Une éducation classique
Sur ses traits psychologiques profonds, l'on sait pour l'heure peu de chose. Ce que l'on peut avancer, c'est qu'il a intériorisé depuis sa plus tendre enfance qu'il était comme tous ses autres camarades de classe, mais qu'en même temps reposait sur lui le poids d'un destin dynastique. Il pratique des sports -en premier le football et même le basket; pas seulement, puisqu'il aime également la natation, l'équitation ou le ski. Polyglotte -il parle l'arabe et le français mais aussi l'anglais et l'espagnol. Cela donne une ouverture sur des cultures et participe d'un ferme souci d'accès aux valeurs universelles. Au Collège royal, le programme d'études est formaté pour coupler une éducation classique à des domaines religieux, culturels et artistiques. Cette institution créée en 1942 par Mohammed V et qui portait alors la dénomination de Collège impérial. A côté de ce cursus au Collège royal, Moulay El Hassan bénéficie d'un environnement familial, une sorte d'«école parallèle» où le maître d'école n'est autre que son père, S.M. Mohammed VI. Le Souverain était passé par ce même cheminement avec feu Hassan II et dans d'autres circonstances. Il savait mieux que personne quel cadre éducatif il fallait donner à son fils, Moulay El Hassan, et comment aider sa personnalité à être à même d'avoir les atouts et les qualités indispensables à ses futures responsabilités royales. Entre le père et le fils, nul doute qu'une relation particulière s'est construite au fil des ans, faite d'échanges, de discussions, d'éclairages, de regards aussi -une complicité, un code familial où parfois les non-dits étaient explicites.

Les cheminements de la diplomatie
A ce titre, Moulay El Hassan évolue dans les sphères du pouvoir. A 8 ans, le voilà qui fait en 2011 son premier discours à l'Académie militaire de Meknès. Depuis, il a multiplié les actes de présence tant au Maroc qu'à l'international. Par son statut, il a une fonction de représentation, de suppléance du Roi. Il est ainsi et de plus en plus -sur le devant de la scène, présidant des manifestations nationales, recevant le Prince Harry d'Angleterre, présent aux obsèques du Comte de Paris ou encore au côté de S.M. Mohammed VI au centenaire de l'armistice, à Paris, le 11 novembre 2018.

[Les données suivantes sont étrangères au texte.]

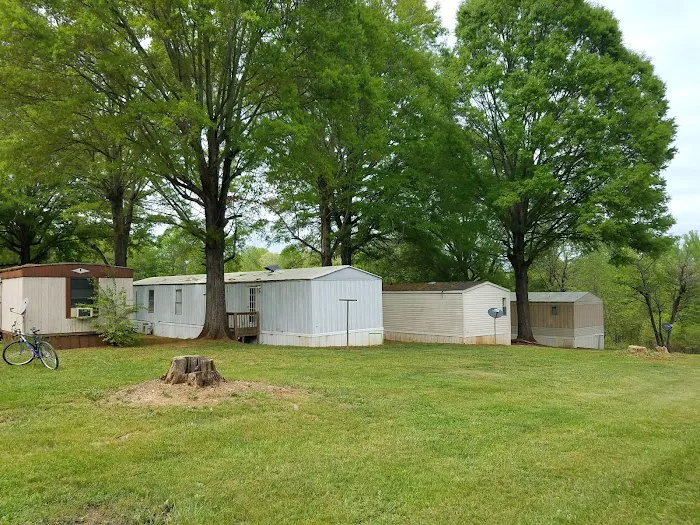 Whispering Pines Trailer Park Picture 7
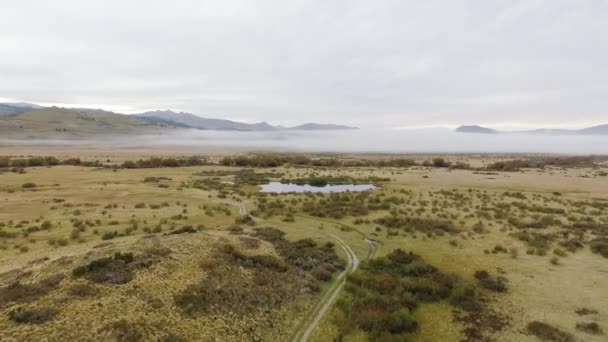 Herfstkleuren Landelijk Landschap Luchtfoto Van Gele Weide Heuvels Rivier Vallei — Stockvideo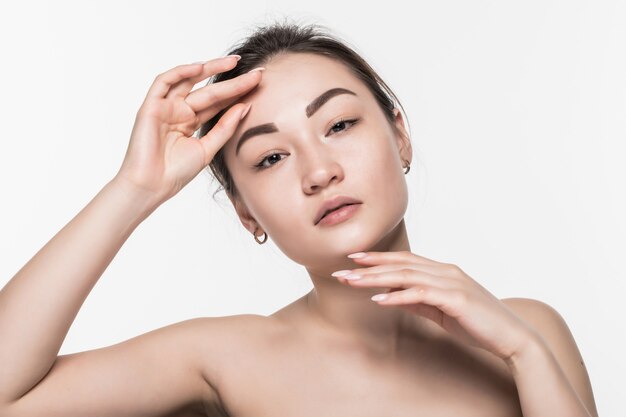Azjatycka piękno kobiety skóry opieka odizolowywająca na biel ścianie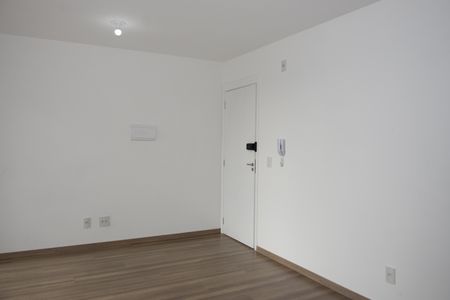 Sala de apartamento para alugar com 2 quartos, 53m² em Jardim de Lourdes, Embu das Artes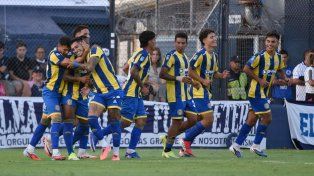 Todo Central celebra tras el gol del Gato Ávila, el que puso al Canalla arriba en el marcador ante Gimnasia.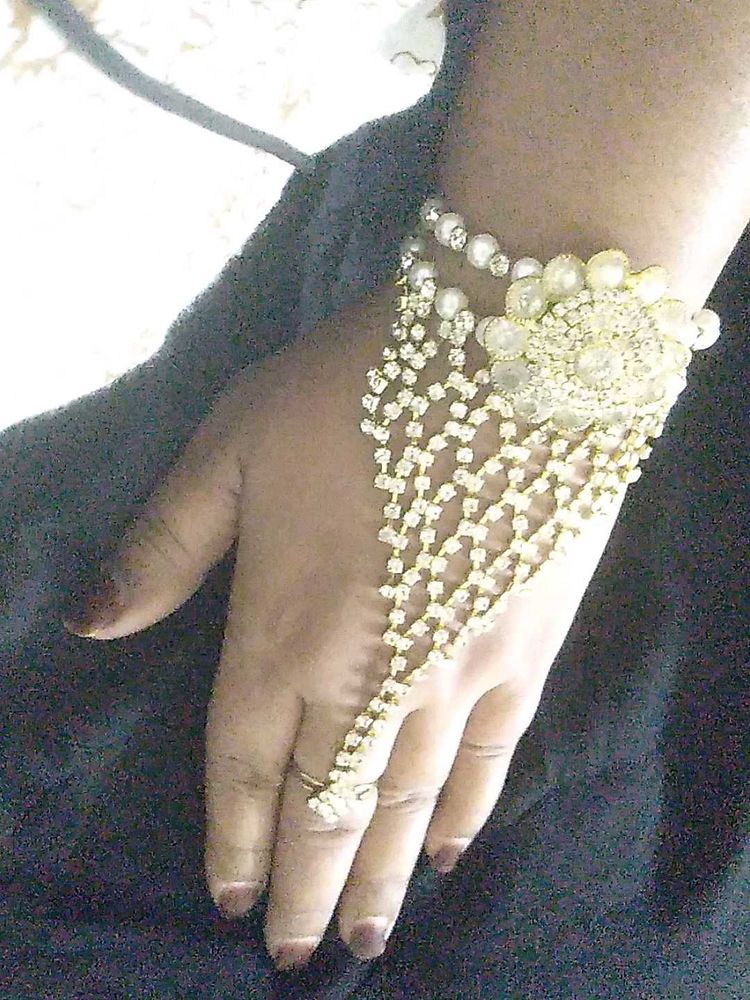 Bracelate With Ring.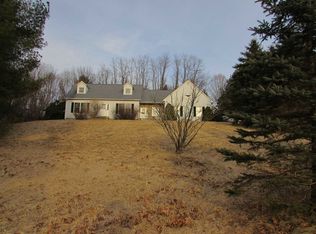 47 Stowe Dr, Poughquag, NY 12570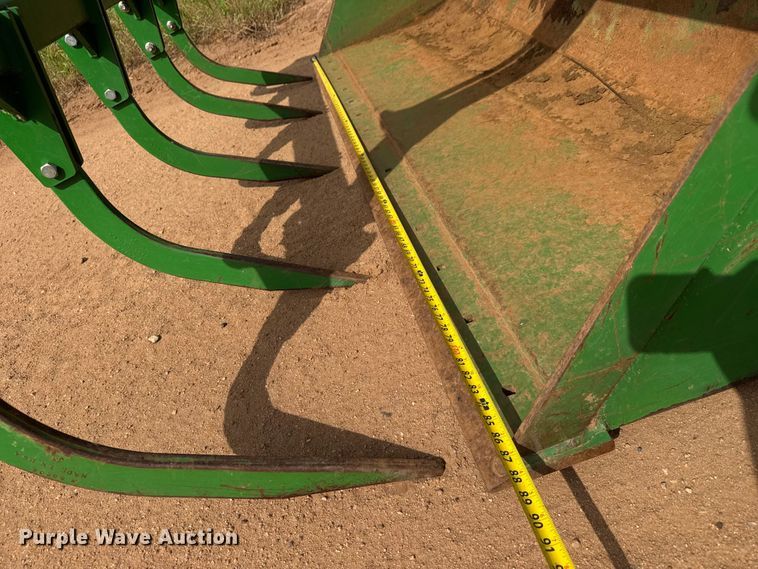 image for item EM8372 2013 John Deere 6115D MFWD tractor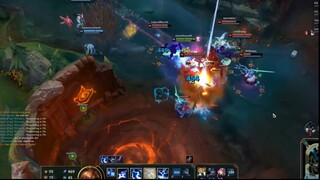 Đừng có chạy như thế chứ bạn #Lienminh #game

Son inauguration du port Tanger Med II, vendredi 28 juin 2019, constitue à coup sûr un événement de taille. Il observe, il enregistre, il mesure les bouleversements continus d'un ancien «ordre» international qui accuse plutôt le désordre, la montée des protectionnismes et des populismes. Il se pénètre ainsi des cheminements de la diplomatie, de ses avancées et de ses contraintes. Une capitalisation nourrie par la proximité avec son père et qui lui permet d'être au premier rang, studieux et appliqué, de l'école de la vie. Et du monde. Les défis sont ceux du XXIème siècle et la communauté internationale peine à les maîtriser. Le Maroc doit y conforter sa place et son influence.

Au dedans, les problèmes ne sont pas moins complexes. Moulay El Hassan fait partie de la nouvelle génération, celle qui sera l'avenir du Maroc dans les prochaines décennies. Elle n'aura plus des souvenirs de la culture et de la politique du précédent règne et qui aura été marqué par les étapes de la laborieuse construction démocratique initiée par S.M. Mohammed VI.

Des conseils éclairés
L'économie de la connaissance et du savoir va s'affirmer de plus en plus; les formes de civisme vont continuer à évoluer et à être supplantées par les nouveaux champs des réseaux sociaux et du monde digital. Au-delà d'un nouveau modèle de développement à l'ordre du jour -et qui sera un débat passablement daté et décalé dans une décennie- n'est-ce pas la problématique d'un «autre» projet de société que Moulay El Hassan devra porter?

Prince héritier, pourrait-il pour autant ignorer ou délaisser les habits de la tradition, celle du Makhzen immémoriel tellement prégnant dans les coutumes avec ses pesanteurs, et les rapports au sein de la société politique? Le legs est historique, culturel, comportemental. Il n'exclut pas l'accès, à grandes enjambées si nécessaire, à la modernité, tant il est vrai que la légitimité intrinsèque est aussi complétée par la légitimité constitutionnelle installant désormais la monarchie au centre du socle identitaire, politique et national.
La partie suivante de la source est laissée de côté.